■ Try it: The line with "With code MEG, you", the line with "2017 Peterbilt 579", and all lines between them in the material below: return these exactly, and no others.

■ Available data:
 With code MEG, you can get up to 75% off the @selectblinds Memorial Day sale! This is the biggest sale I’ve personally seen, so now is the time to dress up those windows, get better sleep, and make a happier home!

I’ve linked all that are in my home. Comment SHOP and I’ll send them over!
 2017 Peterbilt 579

--

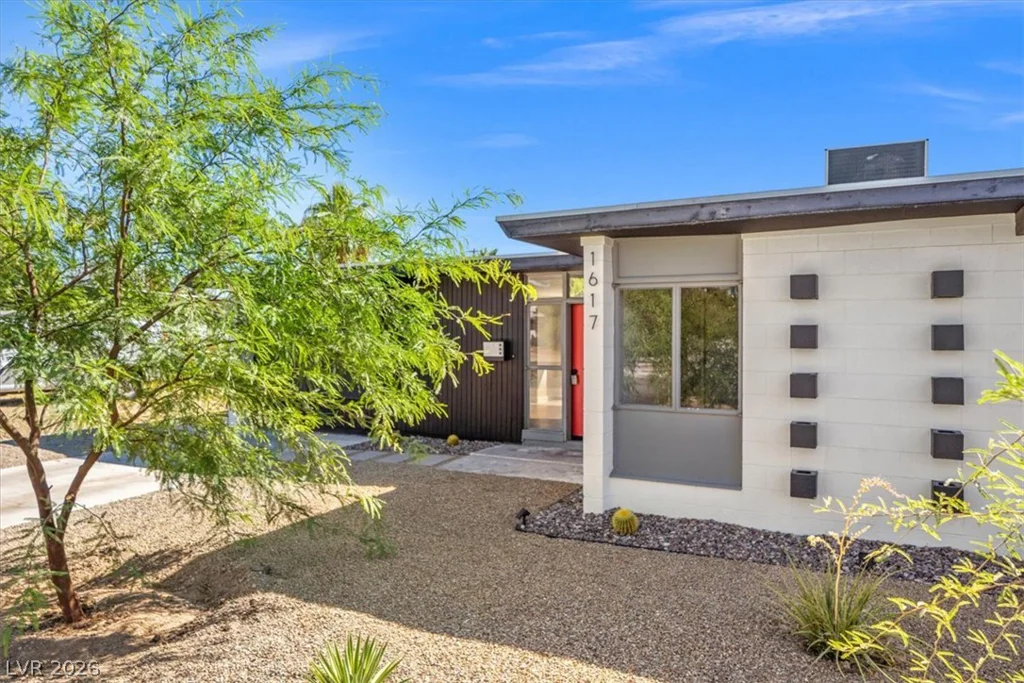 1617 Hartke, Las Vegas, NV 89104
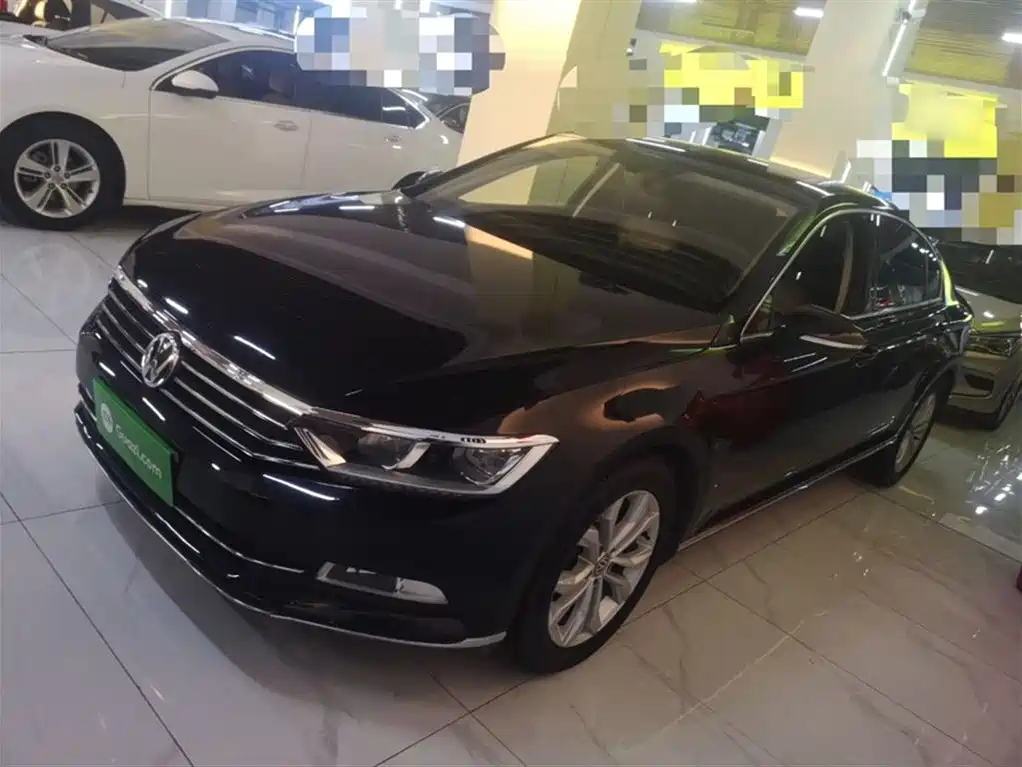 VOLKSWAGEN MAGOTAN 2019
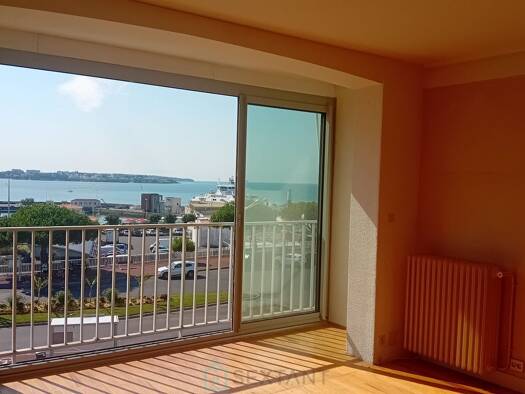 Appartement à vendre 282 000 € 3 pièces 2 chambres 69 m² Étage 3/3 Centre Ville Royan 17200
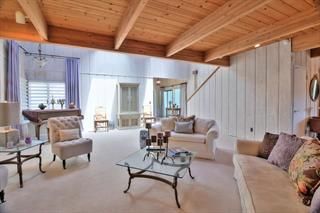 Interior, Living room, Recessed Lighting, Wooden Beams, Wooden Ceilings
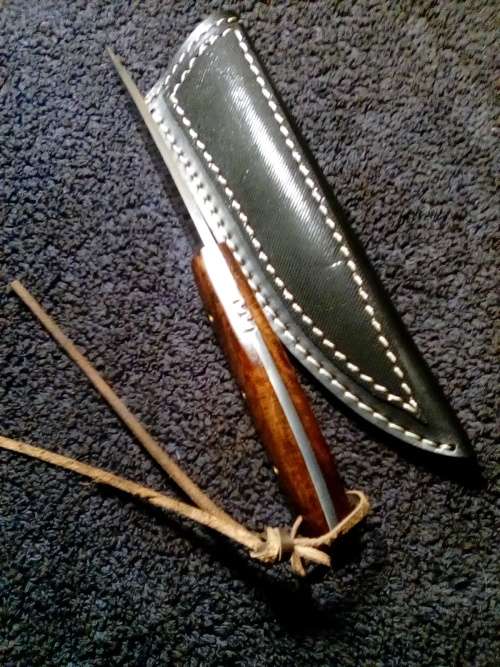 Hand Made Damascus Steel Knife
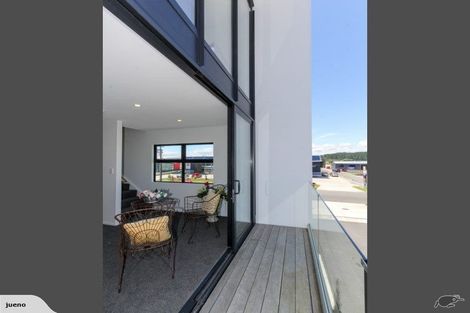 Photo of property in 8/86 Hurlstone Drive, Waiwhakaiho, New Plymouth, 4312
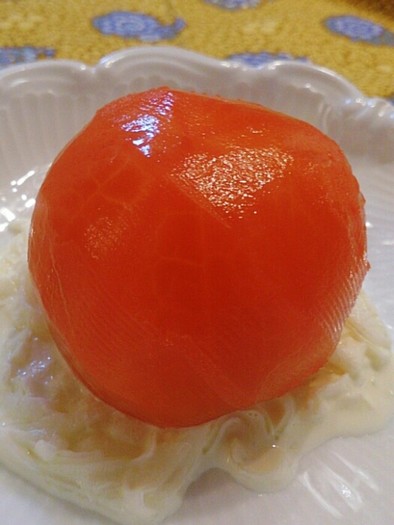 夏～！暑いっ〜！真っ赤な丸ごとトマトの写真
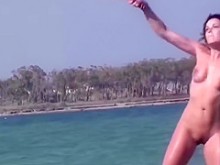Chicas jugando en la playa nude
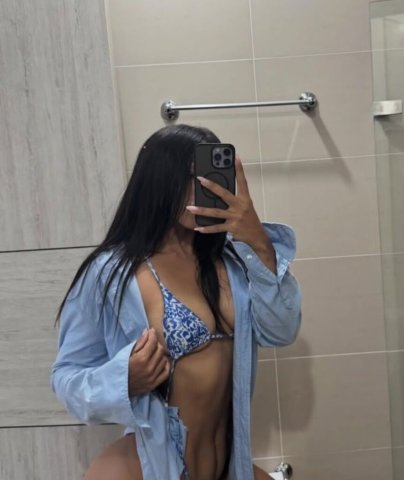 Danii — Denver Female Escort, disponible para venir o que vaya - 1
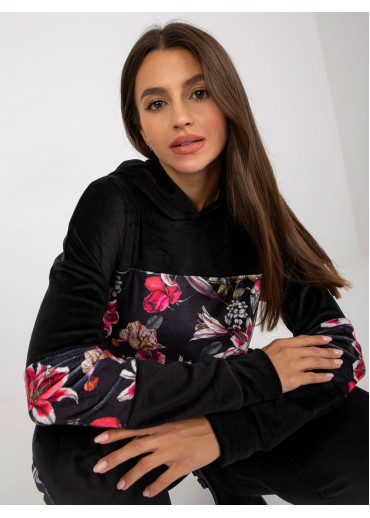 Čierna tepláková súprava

■ Your response:
 With code MEG, you can get up to 75% off the @selectblinds Memorial Day sale! This is the biggest sale I’ve personally seen, so now is the time to dress up those windows, get better sleep, and make a happier home!

I’ve linked all that are in my home. Comment SHOP and I’ll send them over!
 2017 Peterbilt 579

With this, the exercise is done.